Und nun zum ebenso wichtigen Gebot, unsere Nächsten zu lieben. Was dies bedeuten könnte, zeigt Jesus im Gleichnis vom Samariter und dem Mann, der unter die Räuber gefallen ist. Dieser, das bedeutet, ein Mensch, der Hilfe braucht, ist unser Nächster.

Wir haben es im Alltag wohl nie mit solch drastischen Fällen zu tun. Doch immer wieder kommt es vor, dass in unserer Umgebung jemand Hilfe braucht; oder dass jemand wartet, dass wir ihm Zeit schenken und ein gutes Wort. Oft kommen solche Hilfesuchende zu uns, wenn wir Ruhe brauchen oder mit Anderweitigem beschäftigt sind.
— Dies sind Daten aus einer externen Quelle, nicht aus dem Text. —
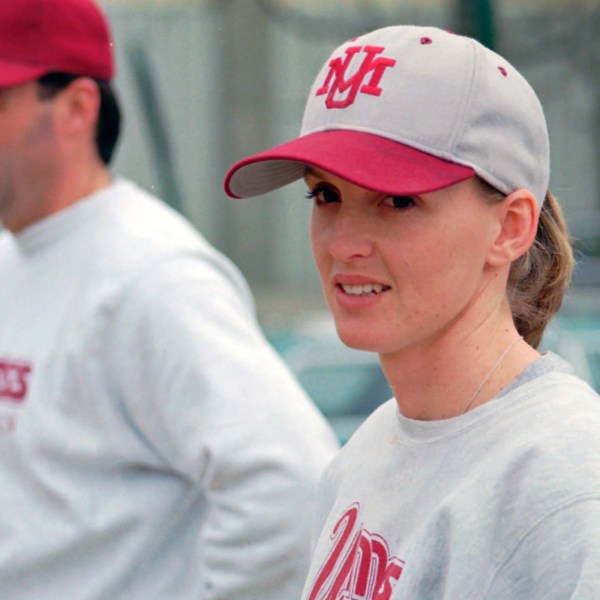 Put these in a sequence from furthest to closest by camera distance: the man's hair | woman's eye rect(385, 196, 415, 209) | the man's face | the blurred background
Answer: the blurred background < the man's hair < the man's face < woman's eye rect(385, 196, 415, 209)

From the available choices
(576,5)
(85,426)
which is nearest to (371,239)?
(85,426)

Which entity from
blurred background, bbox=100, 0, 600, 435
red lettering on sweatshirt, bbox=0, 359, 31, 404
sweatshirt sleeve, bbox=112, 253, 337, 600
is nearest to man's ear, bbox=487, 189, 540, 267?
sweatshirt sleeve, bbox=112, 253, 337, 600

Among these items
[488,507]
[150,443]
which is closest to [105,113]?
[150,443]

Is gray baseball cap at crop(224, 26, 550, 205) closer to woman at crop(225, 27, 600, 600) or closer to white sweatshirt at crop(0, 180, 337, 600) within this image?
woman at crop(225, 27, 600, 600)

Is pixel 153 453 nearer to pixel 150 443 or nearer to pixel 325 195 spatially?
pixel 150 443

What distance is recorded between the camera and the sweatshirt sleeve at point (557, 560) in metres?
1.42

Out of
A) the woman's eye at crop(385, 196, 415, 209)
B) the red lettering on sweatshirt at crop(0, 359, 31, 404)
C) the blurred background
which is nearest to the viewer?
the woman's eye at crop(385, 196, 415, 209)

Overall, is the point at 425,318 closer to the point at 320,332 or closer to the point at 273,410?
the point at 273,410

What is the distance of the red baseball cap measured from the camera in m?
3.06

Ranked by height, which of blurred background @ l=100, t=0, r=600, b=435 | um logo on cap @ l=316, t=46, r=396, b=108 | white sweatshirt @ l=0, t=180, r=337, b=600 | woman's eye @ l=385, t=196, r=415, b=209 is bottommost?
blurred background @ l=100, t=0, r=600, b=435

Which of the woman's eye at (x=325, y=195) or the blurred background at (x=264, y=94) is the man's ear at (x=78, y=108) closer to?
the woman's eye at (x=325, y=195)

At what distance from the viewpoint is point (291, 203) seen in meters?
9.85

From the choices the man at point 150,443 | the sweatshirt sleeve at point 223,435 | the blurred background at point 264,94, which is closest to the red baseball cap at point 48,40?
the man at point 150,443

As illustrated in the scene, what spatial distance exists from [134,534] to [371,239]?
4.14 feet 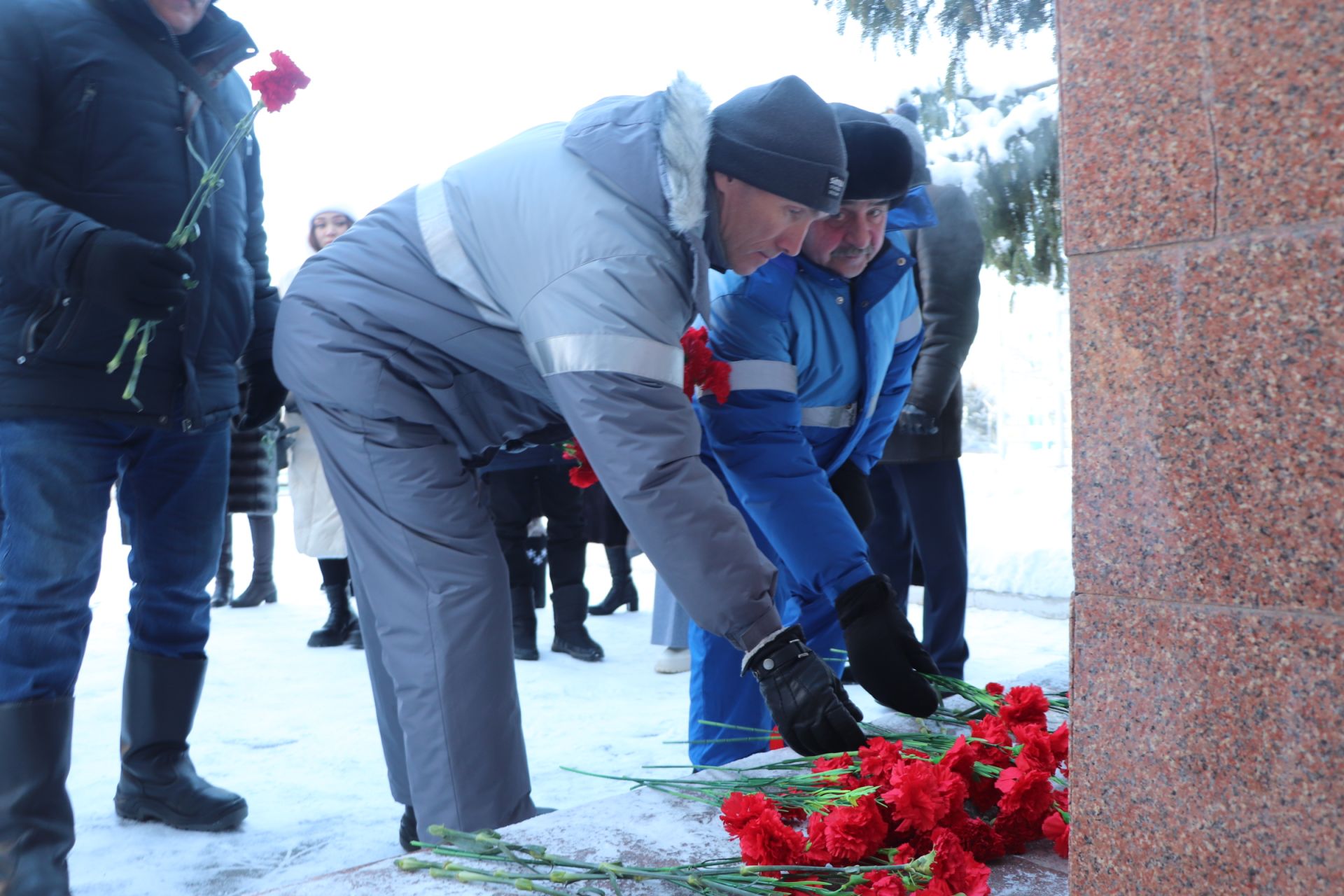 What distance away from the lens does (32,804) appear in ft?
7.19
Wenn wir dann unsere Herzen, Ohren und Augen für ihn öffnen, erfüllen wir dieses Gebot.

Und noch etwas Erstaunliches: Das zweite Hauptgebot heisst ja im Wortlaut: «Du sollst deinen Nächsten lieben wie dich selbst.» Zählen wir doch einmal: 1. Gott lieben, 2. den Nächsten und dann 3. uns selbst. Dann kommen wir auf drei Hauptgebote. Gerade das dritte wird oft vergessen. Darum hat ein Freund von mir, der Basler Theologe Xaver Pfister, darüber ein Buch geschrieben und ihm den Titel gegeben: «Der vergessene Dreiklang.» Er zeigt, dass dieser dritte Klang Voraussetzung ist für die beiden anderen Klänge.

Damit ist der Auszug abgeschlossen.